Django and Flask are the two most popular Python web frameworks, but they take opposite approaches to building web applications. Django gives you everything out of the box; Flask gives you only what you need and lets you add the rest. Picking the right one depends on your project size, team, and timeline.
At a glance
| Django | Flask | |
|---|---|---|
| First release | 2005 | 2010 |
| Philosophy | "Batteries included" — full-stack | "Micro" — minimal core, extensible |
| ORM | Built-in (Django ORM) | None (add SQLAlchemy, Tortoise, etc.) |
| Admin panel | Auto-generated at /admin |
None (add Flask-Admin) |
| Auth | Built-in (sessions, permissions, groups) | None (add Flask-Login, Flask-JWT) |
| Templating | Jinja2 (bundled) | Jinja2 (bundled) |
| Form handling | Django Forms + ModelForm | None (add WTForms, marshmallow) |
| Project structure | Convention-driven, opinionated | Flexible, you decide |
| Learning curve | Steeper (more concepts) | Shallower (less magic) |
| Best for | Large apps, content sites, APIs | Microservices, APIs, prototyping |
Philosophy: batteries vs micro
Django: the "batteries included" framework
Django was built with a specific goal: let a small team ship a complete, secure web application quickly. It bundles everything you need:
- ORM with migrations
- Admin interface
- Authentication system (users, passwords, sessions, permissions)
- Form validation
- CSRF protection
- Security middleware (clickjacking, content-type sniffing, XSS headers)
- Internationalization (i18n / l10n)
- Static file management
- Built-in test client
You don't assemble these — they ship together, configured to work as a unit.
Flask: the micro-framework
Flask ships with only two dependencies: Werkzeug (WSGI utilities) and Jinja2 (templating). Everything else — database layer, auth, forms, migrations — you choose and wire up yourself.
This sounds like extra work, but it means:
- No ORM you didn't ask for
- No migration system slowing down a stateless microservice
- No user model fighting with your custom auth logic
- Full control over every layer
Project structure
Django
Django imposes a multi-app project layout:
myproject/
├── manage.py
├── myproject/
│ ├── settings.py
│ ├── urls.py
│ └── wsgi.py
├── blog/ ← "app"
│ ├── models.py
│ ├── views.py
│ ├── urls.py
│ ├── templates/blog/
│ └── migrations/
└── accounts/ ← another "app"
├── models.py
└── views.py
Each "app" is a reusable module. This structure scales cleanly, but it's mandatory from day one.
Flask
Flask has no enforced structure. A minimal app is a single file:
# app.py
from flask import Flask
app = Flask(__name__)
@app.route("/")
def index():
return "Hello, world!"
As projects grow, developers typically adopt a pattern like this:
myapp/
├── app.py ← or __init__.py with create_app()
├── config.py
├── models.py
├── routes/
│ ├── api.py
│ └── views.py
└── templates/
Flask doesn't enforce this — but without discipline, large Flask codebases can become messy.
ORM and database
Django ORM
Django ships with a powerful ORM that handles schema definition, migrations, and queries:
# models.py
from django.db import models
class Article(models.Model):
title = models.CharField(max_length=200)
body = models.TextField()
published = models.BooleanField(default=False)
created_at = models.DateTimeField(auto_now_add=True)
class Meta:
ordering = ["-created_at"]
python manage.py makemigrations
python manage.py migrate
# QuerySet API
Article.objects.filter(published=True).order_by("-created_at")[:10]
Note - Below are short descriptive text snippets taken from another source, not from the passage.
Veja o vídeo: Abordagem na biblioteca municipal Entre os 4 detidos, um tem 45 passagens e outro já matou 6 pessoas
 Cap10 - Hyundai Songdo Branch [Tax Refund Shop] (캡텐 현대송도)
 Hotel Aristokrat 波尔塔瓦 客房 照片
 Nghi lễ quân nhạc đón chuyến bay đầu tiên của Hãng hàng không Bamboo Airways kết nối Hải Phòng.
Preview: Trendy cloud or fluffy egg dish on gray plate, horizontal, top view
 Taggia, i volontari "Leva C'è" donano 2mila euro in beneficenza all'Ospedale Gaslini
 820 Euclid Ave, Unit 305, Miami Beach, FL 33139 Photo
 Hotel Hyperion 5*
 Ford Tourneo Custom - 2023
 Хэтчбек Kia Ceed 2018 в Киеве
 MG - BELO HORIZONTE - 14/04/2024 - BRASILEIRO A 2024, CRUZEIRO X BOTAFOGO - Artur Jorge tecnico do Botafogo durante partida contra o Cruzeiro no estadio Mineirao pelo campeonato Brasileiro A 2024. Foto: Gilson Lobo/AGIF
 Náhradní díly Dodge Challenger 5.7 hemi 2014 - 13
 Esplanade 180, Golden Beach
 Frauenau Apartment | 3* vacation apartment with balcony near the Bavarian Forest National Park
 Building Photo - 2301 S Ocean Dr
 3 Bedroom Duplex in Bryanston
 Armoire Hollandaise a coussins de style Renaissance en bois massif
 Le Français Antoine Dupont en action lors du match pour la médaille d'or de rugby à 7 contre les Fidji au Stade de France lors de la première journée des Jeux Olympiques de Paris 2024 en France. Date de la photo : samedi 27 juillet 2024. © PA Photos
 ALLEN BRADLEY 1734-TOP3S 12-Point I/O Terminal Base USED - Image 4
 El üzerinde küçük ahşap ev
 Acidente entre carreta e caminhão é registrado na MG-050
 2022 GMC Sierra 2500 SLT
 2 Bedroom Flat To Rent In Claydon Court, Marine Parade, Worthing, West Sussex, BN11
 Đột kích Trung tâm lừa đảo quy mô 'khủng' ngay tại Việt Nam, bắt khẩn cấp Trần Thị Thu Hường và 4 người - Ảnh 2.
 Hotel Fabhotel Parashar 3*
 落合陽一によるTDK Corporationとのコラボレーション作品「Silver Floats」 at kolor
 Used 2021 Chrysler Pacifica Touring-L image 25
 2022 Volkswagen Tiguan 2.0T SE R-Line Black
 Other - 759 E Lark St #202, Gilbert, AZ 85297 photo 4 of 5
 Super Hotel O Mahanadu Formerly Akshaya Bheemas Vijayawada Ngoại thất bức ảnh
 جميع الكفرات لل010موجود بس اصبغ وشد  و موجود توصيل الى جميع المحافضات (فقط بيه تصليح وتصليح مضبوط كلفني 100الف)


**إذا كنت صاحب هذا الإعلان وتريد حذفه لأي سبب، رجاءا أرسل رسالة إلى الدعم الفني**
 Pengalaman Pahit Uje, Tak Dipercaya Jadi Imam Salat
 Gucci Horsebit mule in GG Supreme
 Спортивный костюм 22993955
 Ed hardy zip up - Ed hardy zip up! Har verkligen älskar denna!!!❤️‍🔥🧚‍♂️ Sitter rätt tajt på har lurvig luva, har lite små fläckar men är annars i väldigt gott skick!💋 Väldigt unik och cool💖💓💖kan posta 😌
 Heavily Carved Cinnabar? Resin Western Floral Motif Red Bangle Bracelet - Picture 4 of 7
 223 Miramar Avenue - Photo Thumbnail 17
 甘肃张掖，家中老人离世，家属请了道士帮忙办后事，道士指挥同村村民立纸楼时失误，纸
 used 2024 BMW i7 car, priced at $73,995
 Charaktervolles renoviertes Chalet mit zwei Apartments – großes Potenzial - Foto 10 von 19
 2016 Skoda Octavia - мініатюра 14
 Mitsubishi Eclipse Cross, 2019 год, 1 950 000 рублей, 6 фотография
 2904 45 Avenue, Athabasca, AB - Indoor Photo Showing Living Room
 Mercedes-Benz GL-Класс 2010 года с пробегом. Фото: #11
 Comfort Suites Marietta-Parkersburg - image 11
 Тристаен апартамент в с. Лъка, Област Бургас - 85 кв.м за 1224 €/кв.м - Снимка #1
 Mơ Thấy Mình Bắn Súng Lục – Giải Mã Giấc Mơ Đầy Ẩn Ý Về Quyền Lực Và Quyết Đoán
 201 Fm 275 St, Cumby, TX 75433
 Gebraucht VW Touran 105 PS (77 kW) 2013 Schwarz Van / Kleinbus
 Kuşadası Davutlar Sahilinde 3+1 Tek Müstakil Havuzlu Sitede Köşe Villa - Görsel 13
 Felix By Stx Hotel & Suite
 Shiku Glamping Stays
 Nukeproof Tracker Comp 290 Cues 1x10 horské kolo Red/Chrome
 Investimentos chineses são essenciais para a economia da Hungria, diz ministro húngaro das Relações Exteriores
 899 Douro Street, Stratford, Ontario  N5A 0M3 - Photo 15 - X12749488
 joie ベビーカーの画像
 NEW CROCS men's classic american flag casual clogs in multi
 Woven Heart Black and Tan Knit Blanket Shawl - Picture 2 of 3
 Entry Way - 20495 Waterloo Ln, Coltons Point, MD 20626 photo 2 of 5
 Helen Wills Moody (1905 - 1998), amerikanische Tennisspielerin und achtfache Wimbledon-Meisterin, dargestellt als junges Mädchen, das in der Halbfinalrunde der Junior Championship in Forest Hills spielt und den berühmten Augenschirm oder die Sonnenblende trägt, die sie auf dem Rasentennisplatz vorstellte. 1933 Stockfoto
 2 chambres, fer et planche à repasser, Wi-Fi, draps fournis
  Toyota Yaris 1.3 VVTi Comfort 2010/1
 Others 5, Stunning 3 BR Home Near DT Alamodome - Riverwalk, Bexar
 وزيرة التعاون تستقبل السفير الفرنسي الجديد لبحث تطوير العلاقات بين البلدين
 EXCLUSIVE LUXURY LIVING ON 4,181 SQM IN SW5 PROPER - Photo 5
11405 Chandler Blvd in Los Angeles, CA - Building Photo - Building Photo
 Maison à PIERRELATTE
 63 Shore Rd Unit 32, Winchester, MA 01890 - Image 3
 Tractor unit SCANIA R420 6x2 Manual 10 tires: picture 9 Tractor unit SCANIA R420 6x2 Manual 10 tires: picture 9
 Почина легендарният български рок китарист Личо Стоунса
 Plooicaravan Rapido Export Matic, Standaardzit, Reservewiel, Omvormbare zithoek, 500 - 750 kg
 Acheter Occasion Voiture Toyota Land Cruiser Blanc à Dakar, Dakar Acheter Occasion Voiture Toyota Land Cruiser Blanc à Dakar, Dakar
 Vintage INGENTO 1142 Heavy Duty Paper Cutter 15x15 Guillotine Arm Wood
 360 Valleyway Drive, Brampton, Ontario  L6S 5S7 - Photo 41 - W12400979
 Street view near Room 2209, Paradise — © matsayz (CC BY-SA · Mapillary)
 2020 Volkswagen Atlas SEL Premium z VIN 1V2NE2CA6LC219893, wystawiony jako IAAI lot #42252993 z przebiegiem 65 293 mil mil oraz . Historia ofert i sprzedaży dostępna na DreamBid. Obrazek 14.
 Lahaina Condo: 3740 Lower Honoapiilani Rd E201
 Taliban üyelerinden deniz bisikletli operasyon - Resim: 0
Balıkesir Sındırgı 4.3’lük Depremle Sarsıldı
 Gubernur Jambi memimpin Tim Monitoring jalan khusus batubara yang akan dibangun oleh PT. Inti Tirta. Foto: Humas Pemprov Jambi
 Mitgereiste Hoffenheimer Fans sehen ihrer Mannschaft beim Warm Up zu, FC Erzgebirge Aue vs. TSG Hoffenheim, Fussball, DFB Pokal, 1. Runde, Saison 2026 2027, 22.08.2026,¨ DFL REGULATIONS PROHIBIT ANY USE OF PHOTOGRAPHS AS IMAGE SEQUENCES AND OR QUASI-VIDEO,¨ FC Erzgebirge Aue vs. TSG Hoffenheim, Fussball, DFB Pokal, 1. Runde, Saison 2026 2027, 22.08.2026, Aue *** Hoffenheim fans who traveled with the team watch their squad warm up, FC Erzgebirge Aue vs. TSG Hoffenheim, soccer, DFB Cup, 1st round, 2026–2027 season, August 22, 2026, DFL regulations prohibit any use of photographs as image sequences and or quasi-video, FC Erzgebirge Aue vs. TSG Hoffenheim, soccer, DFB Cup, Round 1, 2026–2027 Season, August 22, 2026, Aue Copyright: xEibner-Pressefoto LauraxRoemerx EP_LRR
Article.objects.select_related("author").prefetch_related("tags").all()
The Django ORM handles complex relationships, raw SQL fallback, transactions, and read/write database routing.
Flask + SQLAlchemy
Flask has no ORM, but Flask-SQLAlchemy is the de facto choice:
# models.py
from flask_sqlalchemy import SQLAlchemy
db = SQLAlchemy()
class Article(db.Model):
id = db.Column(db.Integer, primary_key=True)
title = db.Column(db.String(200), nullable=False)
body = db.Column(db.Text)
published = db.Column(db.Boolean, default=False)
created_at = db.Column(db.DateTime, server_default=db.func.now())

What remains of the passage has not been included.